Oklahoma Pushes for Increased Elder Care Safety With Video Monitoring in Nursing Homes
Waxahachie, TX (Law Firm Newswire) January 10, 2013 - There is a growing push to install video cameras in nursing homes.
The security cameras would be placed to catch incidents of elder care abuse, nursing home neglect and other areas of concern for safety and well-being of home residents. Camera footage, advocates say, would assist facilities identify poor care providers, and would allow law enforcement officers to pursue complaints.
Lawmakers in Oklahoma are considering allowing mandatory video surveillance in that state's more than 300 nursing homes, which serve more than 20,000 residents. The mandatory video monitoring is planned to go to the 2013 Legislature. Proponents of video monitors argue that the cameras will potentially protect nursing home residents from abuse, assaults, rape and theft, and will also allow a way to better monitor daily care.
Video monitors can even help family members check in on their loved ones. The cameras would help in cases where a resident was the victim of an assault or attack and was unable to provide law enforcement with details or identification of the assailant, as well as providing a possible deterrent.
"Video monitoring is becoming increasingly common everywhere from child care centers to pet care facilities, and would not be difficult technology to implement," says Dallas elder law attorney John Hale.
Oklahoma's state AARP chapter has stated that it supports video monitoring; Texas has a law on the books from 2001, designed to protect nursing home residents by allowing them to request electronic monitoring devices. They amended it to also allow the state's more than 100 assisted living residences the same request in 2003.

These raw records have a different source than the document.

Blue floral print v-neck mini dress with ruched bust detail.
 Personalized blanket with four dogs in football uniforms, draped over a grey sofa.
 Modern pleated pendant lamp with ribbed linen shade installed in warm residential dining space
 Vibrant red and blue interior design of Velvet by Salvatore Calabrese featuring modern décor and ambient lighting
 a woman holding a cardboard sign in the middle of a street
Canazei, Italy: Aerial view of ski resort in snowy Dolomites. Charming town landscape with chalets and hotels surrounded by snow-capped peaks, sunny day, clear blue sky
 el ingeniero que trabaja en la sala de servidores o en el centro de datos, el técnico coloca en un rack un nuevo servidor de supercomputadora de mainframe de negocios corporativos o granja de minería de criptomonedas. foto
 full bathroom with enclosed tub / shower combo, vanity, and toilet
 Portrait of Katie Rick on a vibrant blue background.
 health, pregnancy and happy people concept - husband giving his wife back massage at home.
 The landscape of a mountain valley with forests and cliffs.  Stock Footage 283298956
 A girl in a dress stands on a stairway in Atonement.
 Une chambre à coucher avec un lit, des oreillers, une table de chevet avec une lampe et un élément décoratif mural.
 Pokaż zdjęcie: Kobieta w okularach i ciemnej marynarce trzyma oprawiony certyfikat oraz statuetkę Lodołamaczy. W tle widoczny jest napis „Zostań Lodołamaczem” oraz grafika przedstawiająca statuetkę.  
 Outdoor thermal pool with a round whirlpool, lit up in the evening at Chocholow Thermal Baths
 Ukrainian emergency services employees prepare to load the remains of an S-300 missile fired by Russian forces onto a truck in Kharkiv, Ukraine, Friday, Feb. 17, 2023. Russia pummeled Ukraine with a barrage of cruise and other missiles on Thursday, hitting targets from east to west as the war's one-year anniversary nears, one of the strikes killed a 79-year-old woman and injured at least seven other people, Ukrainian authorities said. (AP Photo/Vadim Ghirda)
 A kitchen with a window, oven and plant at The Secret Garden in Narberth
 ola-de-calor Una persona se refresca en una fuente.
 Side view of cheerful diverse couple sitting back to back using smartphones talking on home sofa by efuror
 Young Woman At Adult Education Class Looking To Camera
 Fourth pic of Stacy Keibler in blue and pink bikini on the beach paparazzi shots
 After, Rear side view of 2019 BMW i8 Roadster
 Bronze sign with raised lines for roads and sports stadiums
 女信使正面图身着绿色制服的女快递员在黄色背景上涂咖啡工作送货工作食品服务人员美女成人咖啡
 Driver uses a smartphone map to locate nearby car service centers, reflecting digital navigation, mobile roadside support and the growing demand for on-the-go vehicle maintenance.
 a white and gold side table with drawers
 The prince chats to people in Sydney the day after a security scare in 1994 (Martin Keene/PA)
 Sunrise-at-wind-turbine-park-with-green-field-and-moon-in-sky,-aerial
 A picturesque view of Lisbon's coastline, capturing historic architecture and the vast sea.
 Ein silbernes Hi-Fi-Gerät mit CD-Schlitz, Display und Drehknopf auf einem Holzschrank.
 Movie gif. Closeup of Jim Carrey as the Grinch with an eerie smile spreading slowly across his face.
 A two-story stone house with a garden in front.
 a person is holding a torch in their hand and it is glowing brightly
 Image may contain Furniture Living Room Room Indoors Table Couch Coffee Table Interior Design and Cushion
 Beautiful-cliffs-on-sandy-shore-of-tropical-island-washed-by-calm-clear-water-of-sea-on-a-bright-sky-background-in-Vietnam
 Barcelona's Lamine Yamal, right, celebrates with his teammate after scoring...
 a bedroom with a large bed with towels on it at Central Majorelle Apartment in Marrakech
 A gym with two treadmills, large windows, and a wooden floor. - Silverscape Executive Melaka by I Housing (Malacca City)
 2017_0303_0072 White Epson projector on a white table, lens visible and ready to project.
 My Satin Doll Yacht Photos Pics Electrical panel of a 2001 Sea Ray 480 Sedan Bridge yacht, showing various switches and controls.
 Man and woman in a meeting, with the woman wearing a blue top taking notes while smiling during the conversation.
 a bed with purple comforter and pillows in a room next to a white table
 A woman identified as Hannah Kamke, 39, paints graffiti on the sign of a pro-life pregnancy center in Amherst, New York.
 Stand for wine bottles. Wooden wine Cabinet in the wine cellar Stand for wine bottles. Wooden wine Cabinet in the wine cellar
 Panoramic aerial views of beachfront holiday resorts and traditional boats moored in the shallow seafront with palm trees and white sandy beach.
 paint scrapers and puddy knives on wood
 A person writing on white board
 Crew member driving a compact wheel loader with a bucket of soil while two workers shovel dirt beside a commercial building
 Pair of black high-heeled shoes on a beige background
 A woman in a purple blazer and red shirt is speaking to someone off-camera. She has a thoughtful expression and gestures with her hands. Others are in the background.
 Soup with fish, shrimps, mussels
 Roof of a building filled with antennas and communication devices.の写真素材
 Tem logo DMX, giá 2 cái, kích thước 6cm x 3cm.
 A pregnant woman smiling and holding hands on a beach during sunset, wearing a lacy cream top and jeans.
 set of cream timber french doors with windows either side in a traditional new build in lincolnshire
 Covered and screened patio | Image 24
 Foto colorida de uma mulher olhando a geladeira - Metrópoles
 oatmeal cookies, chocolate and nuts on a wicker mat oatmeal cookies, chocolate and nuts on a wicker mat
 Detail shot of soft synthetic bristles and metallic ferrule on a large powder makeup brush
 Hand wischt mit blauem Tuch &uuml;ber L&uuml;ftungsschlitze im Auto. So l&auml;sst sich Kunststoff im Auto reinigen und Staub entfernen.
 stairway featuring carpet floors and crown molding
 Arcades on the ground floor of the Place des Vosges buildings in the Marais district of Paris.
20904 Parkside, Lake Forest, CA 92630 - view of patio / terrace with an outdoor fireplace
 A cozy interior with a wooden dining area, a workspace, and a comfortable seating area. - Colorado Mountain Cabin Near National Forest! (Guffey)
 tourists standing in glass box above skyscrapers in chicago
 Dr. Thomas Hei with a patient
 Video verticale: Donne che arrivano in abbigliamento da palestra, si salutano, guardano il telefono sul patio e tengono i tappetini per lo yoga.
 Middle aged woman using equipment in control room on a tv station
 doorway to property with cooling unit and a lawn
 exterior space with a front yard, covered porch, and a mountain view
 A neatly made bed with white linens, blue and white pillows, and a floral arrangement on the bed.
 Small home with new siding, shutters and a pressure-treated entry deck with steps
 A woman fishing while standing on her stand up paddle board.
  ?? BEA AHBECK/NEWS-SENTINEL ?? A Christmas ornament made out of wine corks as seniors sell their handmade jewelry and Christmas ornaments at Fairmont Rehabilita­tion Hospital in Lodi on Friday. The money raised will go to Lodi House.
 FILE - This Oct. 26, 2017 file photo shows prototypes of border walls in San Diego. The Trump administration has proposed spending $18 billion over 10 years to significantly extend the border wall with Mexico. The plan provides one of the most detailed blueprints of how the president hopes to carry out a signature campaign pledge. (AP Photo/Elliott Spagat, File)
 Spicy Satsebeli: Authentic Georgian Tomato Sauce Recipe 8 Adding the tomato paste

Opponents of the bill cite concerns that mandatory cameras would be costly for facilities to purchase and install, much less hiring personnel to review tapes. They state that money would be better spent on finding higher quality care and retaining that care with better wages. Other concerns include the effectiveness of such monitoring. If bedrooms and bathrooms are off-limits for cameras due to privacy issues and the majority of abuse takes place out of public view, cameras may create a false sense of security.